Asia must free itself from western chains

By Chandran Nair, Financial Times, December 26, 2012

We are struggling with the stubborn belief that markets, technology and liberal democracy will deliver all our needs

The world is still reeling from the financial crisis, with Asia one of the few areas with strong future growth prospects. This should mark a new intellectual era. But policy makers across the region continue to turn to those very things that got the world into its current predicament – western ideas.

It is not just that we have failed to figure out how to live with the forces released by the industrial revolution, but that we are struggling with the ideologies it created too, notably the continuing stubborn belief that markets, technology and liberal democracy will deliver all the things we need.

Yes, those ideas, born in Europe and then refined in North America, brought great prosperity to a part of the global population. But their formulas cannot be endlessly repeated and applied everywhere.

With a population that could peak at 6bn by 2050, Asia does not have the luxury of exploitation of global resources that the west enjoyed in the building of the modern world. What Asia therefore needs is new ideas – ones that tackle the challenge of establishing what kind of prosperity can be spread across such a huge number of people.

The western paradigm sees Asia’s large population either as a tremendous market opportunity or a threat to its well-being. Similar ideas fill too many Asian minds. Instead, Asia must imagine a future in which urbanisation is not seen as inevitable and necessary, where its cities do not follow the car-driven ways of the west, where food is not produced in fields drenched in chemical fertilisers and pesticides, or where ever-expanding consumption is seen as the only recipe for economic well-being and political stability.

Among the specific questions countries must ask are: what level of per capita energy consumption is viable; how to pay for sustainable food production; whether people are better off sticking with low-meat diets; how transport systems should be built around mobility, not car ownership; and whether new technologies could be used to allow people to prosper in the countryside rather than being forced to migrate to cities for a life of urban squalor?

Universities and schools should educate students in ways that equip them to contribute ideas relevant to the country in which they live, rather than promoting unattainable western lifestyles. Much of this work will be in economics and public policy. But new ideas must also be sought across every major discipline – in the sciences and the social sciences, of course, but also in the humanities, in studies of values, of history and of culture.

This will require challenging the orthodoxies that underpin western thinking – for example, that we should look to businesses to supply the tools to overcome capitalism’s inherent problems or that market incentives are the key to overcoming climate change.

To confront this challenge, the starting point has to be Asia’s universities. Sending the best young minds of the region to western institutions serves to reinforce that intellectual subservience. What Asia needs is for the best research about the region to come from universities within Asia – not from Harvard or Cambridge. Therefore Asia needs a rallying call – the launch of 100,000 PhDs. It must ask 100,000 of its smartest graduates to launch a revolution of original thinking and research that will allow the region to move beyond the ideologies that have driven it for the past 50 years.
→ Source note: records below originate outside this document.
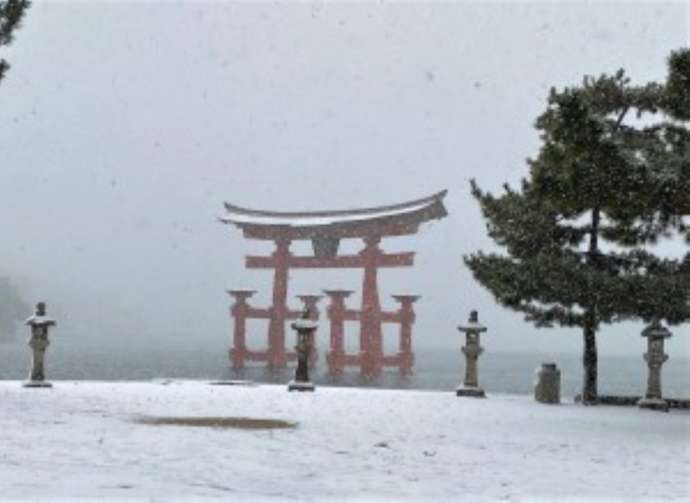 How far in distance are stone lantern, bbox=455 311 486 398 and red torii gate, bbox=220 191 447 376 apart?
90.6 feet

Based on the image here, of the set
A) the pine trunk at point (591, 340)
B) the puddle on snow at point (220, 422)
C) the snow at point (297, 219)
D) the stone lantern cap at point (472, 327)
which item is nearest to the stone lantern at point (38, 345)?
the puddle on snow at point (220, 422)

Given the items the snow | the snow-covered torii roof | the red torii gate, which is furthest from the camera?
the snow

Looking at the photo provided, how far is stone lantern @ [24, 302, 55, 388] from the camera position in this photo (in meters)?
14.8

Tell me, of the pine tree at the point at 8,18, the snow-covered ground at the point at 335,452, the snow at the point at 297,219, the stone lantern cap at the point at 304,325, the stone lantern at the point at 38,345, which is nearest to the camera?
the snow-covered ground at the point at 335,452

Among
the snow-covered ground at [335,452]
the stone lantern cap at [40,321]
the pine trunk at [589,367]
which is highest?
the stone lantern cap at [40,321]

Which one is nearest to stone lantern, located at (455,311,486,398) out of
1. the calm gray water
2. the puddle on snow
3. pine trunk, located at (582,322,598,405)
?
pine trunk, located at (582,322,598,405)

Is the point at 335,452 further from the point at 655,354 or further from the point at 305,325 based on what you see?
the point at 655,354

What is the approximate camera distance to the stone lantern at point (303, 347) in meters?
15.3

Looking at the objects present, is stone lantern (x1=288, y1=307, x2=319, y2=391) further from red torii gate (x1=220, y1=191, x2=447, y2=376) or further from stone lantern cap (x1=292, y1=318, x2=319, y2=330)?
red torii gate (x1=220, y1=191, x2=447, y2=376)

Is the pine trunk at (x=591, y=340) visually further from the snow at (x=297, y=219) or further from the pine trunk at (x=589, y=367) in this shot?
the snow at (x=297, y=219)

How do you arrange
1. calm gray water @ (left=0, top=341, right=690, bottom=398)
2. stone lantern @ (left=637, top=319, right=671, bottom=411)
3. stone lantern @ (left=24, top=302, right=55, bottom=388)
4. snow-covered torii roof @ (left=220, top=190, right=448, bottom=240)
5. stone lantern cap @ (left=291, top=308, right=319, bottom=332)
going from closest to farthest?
stone lantern @ (left=637, top=319, right=671, bottom=411) → stone lantern @ (left=24, top=302, right=55, bottom=388) → stone lantern cap @ (left=291, top=308, right=319, bottom=332) → snow-covered torii roof @ (left=220, top=190, right=448, bottom=240) → calm gray water @ (left=0, top=341, right=690, bottom=398)

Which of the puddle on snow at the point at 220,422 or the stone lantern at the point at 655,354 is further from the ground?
the stone lantern at the point at 655,354

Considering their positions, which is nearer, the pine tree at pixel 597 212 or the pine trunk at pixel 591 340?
the pine tree at pixel 597 212

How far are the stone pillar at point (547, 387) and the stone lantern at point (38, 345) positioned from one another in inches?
322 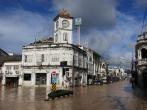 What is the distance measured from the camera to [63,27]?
84.5 metres

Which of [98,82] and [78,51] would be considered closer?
[78,51]

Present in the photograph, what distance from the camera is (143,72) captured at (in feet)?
174

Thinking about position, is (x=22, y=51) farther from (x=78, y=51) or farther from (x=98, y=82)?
(x=98, y=82)

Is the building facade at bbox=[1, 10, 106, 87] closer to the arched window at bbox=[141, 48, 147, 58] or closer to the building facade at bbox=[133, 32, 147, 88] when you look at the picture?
the building facade at bbox=[133, 32, 147, 88]

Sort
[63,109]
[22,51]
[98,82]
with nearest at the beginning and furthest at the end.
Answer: [63,109] → [22,51] → [98,82]

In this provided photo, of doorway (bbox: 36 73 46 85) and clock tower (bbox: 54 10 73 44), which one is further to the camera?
clock tower (bbox: 54 10 73 44)

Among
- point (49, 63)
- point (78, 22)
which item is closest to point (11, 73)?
point (49, 63)

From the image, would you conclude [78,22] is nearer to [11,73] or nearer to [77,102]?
[11,73]

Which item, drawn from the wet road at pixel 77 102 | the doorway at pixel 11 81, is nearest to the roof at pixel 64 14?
the doorway at pixel 11 81

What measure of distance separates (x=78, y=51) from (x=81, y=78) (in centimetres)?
826

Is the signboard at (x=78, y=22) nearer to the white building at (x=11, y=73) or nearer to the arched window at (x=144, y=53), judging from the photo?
the white building at (x=11, y=73)

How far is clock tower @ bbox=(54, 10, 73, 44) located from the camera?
8375 centimetres

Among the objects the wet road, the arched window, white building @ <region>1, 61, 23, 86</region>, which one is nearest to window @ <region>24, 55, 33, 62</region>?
white building @ <region>1, 61, 23, 86</region>

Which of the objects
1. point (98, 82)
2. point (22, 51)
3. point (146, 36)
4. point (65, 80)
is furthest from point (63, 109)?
point (98, 82) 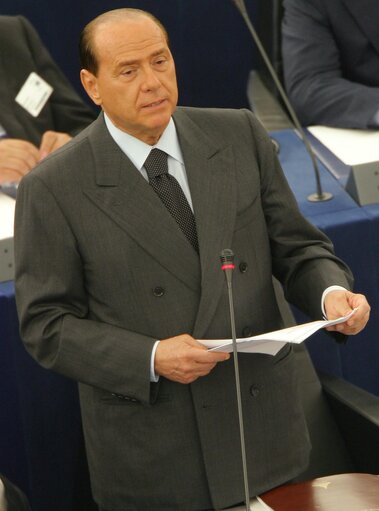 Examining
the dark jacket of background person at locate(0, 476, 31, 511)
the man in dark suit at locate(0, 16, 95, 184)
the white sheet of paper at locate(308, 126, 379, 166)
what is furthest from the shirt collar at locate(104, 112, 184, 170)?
the man in dark suit at locate(0, 16, 95, 184)

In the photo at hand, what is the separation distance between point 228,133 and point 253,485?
686 millimetres

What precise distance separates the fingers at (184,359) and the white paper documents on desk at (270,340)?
0.06 feet

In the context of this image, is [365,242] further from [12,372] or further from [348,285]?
[12,372]

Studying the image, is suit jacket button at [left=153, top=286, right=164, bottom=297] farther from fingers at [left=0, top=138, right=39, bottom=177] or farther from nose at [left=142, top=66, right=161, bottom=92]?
fingers at [left=0, top=138, right=39, bottom=177]

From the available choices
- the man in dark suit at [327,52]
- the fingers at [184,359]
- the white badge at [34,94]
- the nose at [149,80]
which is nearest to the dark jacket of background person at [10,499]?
the fingers at [184,359]

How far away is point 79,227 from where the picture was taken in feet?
6.77

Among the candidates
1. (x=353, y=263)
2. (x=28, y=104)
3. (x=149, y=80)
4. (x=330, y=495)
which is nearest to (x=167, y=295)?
(x=149, y=80)

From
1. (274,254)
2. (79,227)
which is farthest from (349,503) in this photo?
(79,227)

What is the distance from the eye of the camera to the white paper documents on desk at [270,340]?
193cm

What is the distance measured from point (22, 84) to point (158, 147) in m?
1.47

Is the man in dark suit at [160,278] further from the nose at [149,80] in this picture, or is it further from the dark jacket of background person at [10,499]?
the dark jacket of background person at [10,499]

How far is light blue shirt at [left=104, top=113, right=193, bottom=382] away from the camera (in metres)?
2.10

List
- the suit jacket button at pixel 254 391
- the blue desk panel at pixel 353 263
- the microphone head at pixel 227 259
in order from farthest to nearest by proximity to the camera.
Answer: the blue desk panel at pixel 353 263, the suit jacket button at pixel 254 391, the microphone head at pixel 227 259

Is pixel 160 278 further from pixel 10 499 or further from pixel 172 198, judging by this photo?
pixel 10 499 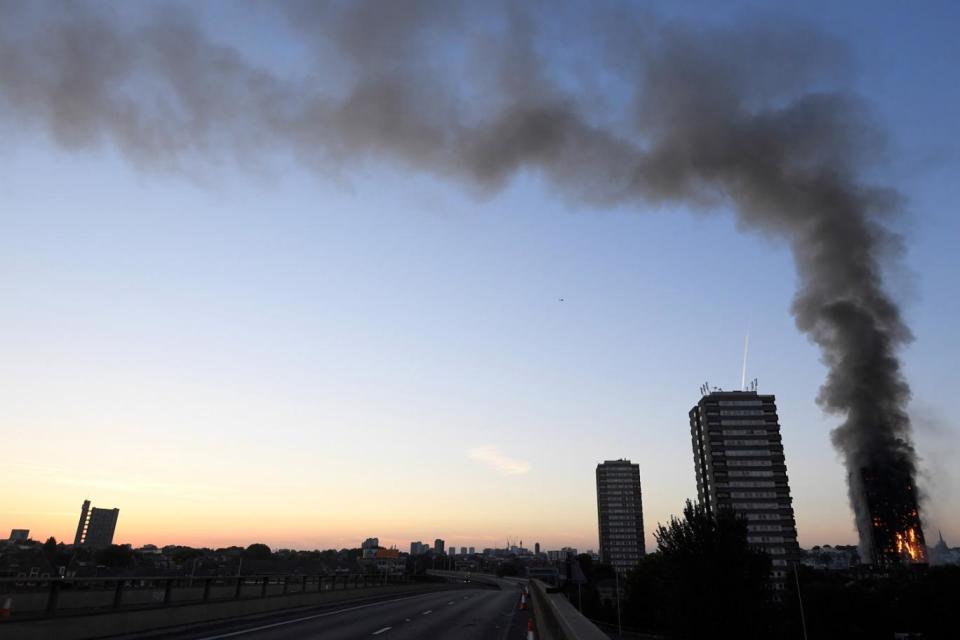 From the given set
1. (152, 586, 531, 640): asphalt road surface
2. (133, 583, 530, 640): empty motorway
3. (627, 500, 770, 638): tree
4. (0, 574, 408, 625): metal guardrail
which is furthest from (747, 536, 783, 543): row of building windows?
(0, 574, 408, 625): metal guardrail

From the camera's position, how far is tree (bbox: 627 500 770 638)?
115ft

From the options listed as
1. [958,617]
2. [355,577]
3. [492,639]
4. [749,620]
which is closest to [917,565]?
[958,617]

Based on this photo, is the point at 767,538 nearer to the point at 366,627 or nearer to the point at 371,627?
the point at 371,627

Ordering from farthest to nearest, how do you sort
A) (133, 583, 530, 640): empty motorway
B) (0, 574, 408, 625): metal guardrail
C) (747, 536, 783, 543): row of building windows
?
(747, 536, 783, 543): row of building windows
(133, 583, 530, 640): empty motorway
(0, 574, 408, 625): metal guardrail

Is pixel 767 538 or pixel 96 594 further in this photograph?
pixel 767 538

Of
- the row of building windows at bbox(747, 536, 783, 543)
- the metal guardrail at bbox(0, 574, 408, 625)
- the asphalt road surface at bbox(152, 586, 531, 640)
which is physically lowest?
the asphalt road surface at bbox(152, 586, 531, 640)

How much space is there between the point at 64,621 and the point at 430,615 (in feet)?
57.7

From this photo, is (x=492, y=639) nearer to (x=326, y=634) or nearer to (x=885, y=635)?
(x=326, y=634)

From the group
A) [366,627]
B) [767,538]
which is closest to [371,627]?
[366,627]

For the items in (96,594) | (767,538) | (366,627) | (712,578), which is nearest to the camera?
(96,594)

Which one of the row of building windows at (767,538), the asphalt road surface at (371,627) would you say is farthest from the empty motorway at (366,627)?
the row of building windows at (767,538)

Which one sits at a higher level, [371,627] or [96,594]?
[96,594]

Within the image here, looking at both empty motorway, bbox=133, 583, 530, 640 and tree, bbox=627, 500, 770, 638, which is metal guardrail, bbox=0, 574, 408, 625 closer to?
empty motorway, bbox=133, 583, 530, 640

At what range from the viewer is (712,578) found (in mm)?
36469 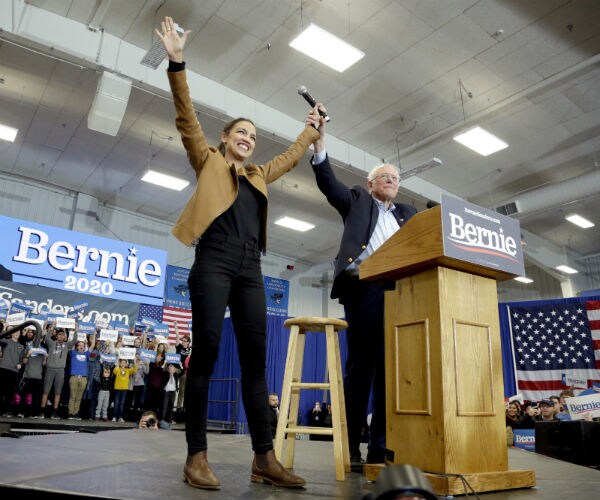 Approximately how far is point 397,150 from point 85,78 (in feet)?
18.1

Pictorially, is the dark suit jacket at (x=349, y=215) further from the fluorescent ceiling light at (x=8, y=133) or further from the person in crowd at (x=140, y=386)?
the fluorescent ceiling light at (x=8, y=133)

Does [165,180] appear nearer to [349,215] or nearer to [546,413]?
[546,413]

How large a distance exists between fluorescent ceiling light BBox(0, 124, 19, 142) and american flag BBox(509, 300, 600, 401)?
33.8 feet

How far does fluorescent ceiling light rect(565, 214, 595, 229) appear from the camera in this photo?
1180 cm

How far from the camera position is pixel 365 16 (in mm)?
6336

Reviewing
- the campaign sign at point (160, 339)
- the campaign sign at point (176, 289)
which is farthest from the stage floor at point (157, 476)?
the campaign sign at point (176, 289)

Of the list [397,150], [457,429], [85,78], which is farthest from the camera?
[397,150]

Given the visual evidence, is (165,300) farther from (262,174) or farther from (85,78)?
(262,174)

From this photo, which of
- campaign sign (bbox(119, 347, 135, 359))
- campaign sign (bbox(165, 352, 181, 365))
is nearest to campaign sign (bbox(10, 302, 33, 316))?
campaign sign (bbox(119, 347, 135, 359))

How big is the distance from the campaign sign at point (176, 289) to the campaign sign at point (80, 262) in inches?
60.3

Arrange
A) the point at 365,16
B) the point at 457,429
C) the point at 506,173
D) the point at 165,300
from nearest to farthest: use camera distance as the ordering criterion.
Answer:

This research must acknowledge that the needs of Asian countries are very different from those of the US or Europe. It must create a body of ideas in academia that can enter the public consciousness and aid national leaders in making the tough decisions about increasing populations, resource constraints, climate change and technology.

Universities across the region must focus their curriculums and research on a drive for new ideas applicable in their local contexts. They should be forced to ask themselves critical questions – ones that directly confront conventional thinking.

Above all, we must look to those who will have to live in Asia through the next half-century and beyond to come up with new ideas and ways of thinking – ones that look beyond the economic ideologies that enriched one part of the world at the expense of the rest, but which if continued to be applied in Asia will only create catastrophic outcomes for all.